◆ What to work on
Every line of the data should be written out exactly, with the pictures left out.

◆ The data
[Start of Attachment]

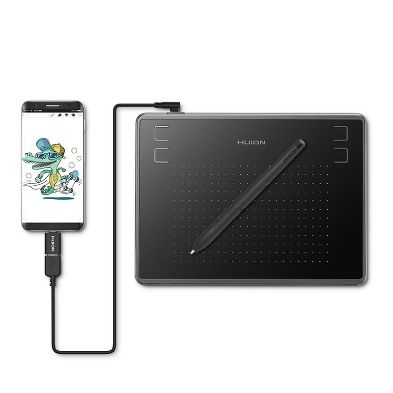 Графический планшет GAOMON S620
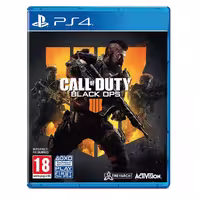 CALL OF DUTY BLACK OPS 4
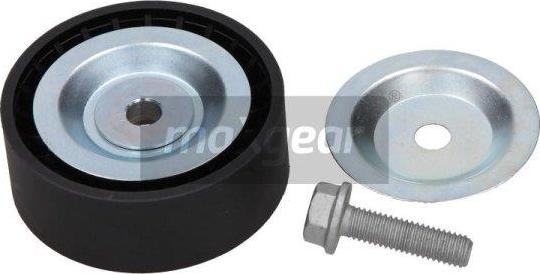 Maxgear 54-0927 - Pulley, v-ribbed belt autospares.lv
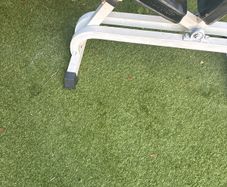 Workout bench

[End of Attachment]

◆ Solution for this task
 Графический планшет GAOMON S620
 CALL OF DUTY BLACK OPS 4
 Maxgear 54-0927 - Pulley, v-ribbed belt autospares.lv
 Workout bench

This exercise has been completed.